Republican lawmakers have rounded on a new Treasury office created under Dodd-Frank to collect financial data, calling it "Orwellian" and warning it could prove a prime target for hackers.
The Office of Financial Research (OFR) is being established to improve the quality of financial data available to policymakers in a bid to help avert a repeat of the 2008 crisis.
It will have subpoena power to collect any information it deems necessary from any "financial company" to help assist another Dodd-Frank child, the Financial Stability Oversight Council, identify systemic threats to market stability.
At an oversight hearing in Washington, the investigating subcommittee's chairman, Representative Randy Neugebauer warned the office will have "unprecedented, real-time access to a wealth of personal and proprietary corporate data - all in the name of an unattainable goal of preventing the next financial crisis".
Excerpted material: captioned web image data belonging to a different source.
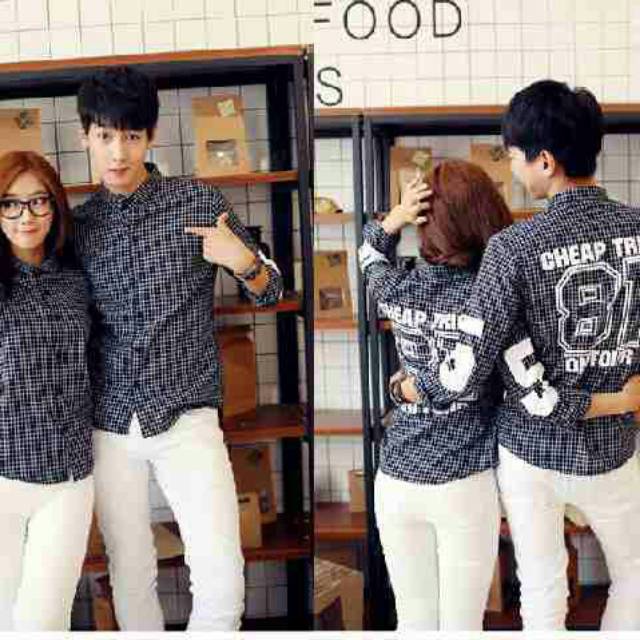 Baju Couple Kemeja tangan panjang katun keren casual prewedding number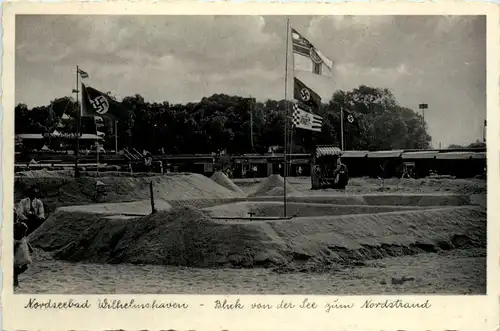 Nordseebad Wilhelmshaven - Blick von der See zum Nordstrand 3. Reich -483216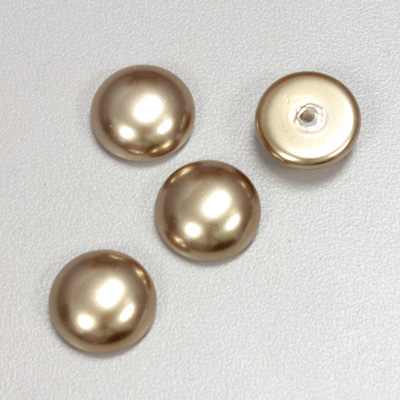 Glass Medium Dome Pearl Dipped Cabochon - Round 14MM LIGHT BROWN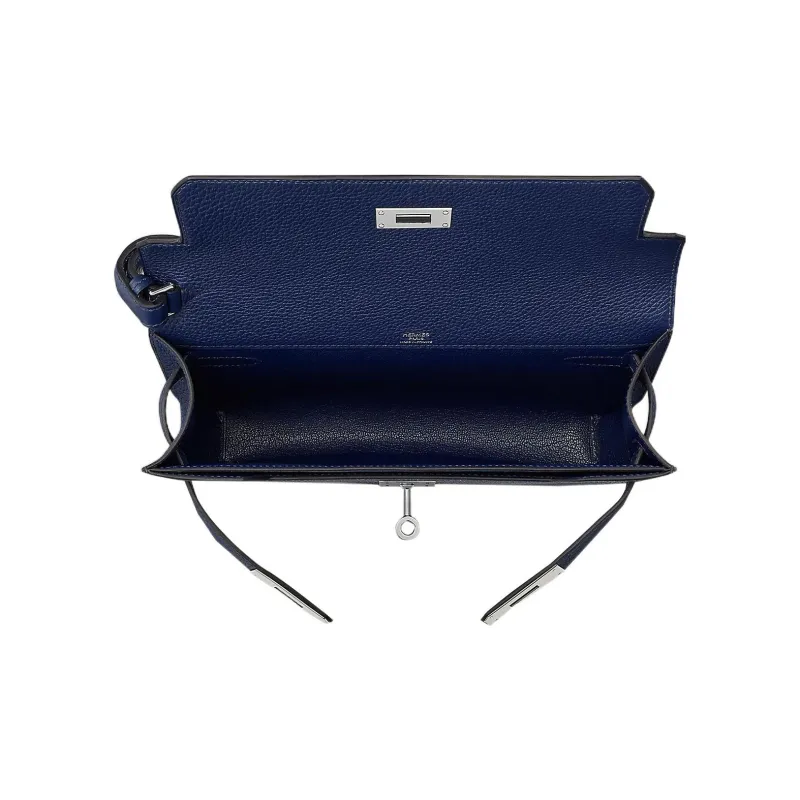 HERMES Kelly Depeches Togo Calfskin Clutch Men's 73 Bleu Saphir Sapphire Blue-2
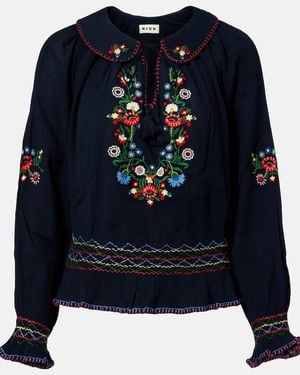 RIXO London Sofira Embroidered Cotton Top - Blue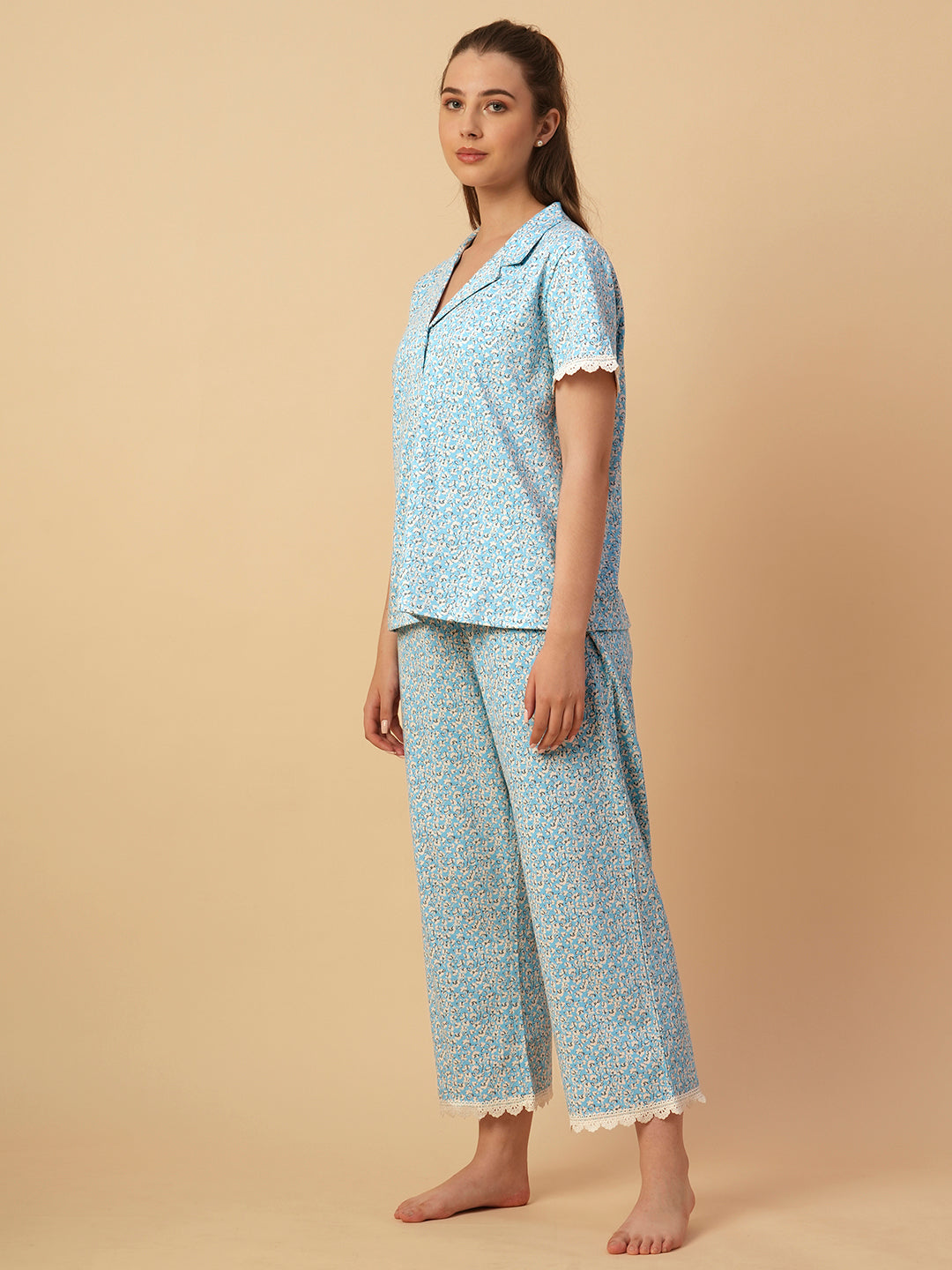 FLORAL PRINTED JERSEY NIGHTSUIT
Meanwhile, Financial Services Committee chairman Spencer Bachus argued that the wealth of data held by the OFR makes it a "target rich environment" for hackers and questioned the body's ability to protect sensitive information, raising the spectre of WikiLeaks and recent attacks on the likes of Citi.
Representative Jeb Hensarling drew on both fears, claiming: "This office is a hacker's dream and a civil libertarian's nightmare. And I do not see a compelling reason for its existence."
Richard Berner, the former Morgan Stanley economist charged with setting the OFR up moved to reassure the politicians, insisting "the OFR will not collect data for collection's sake".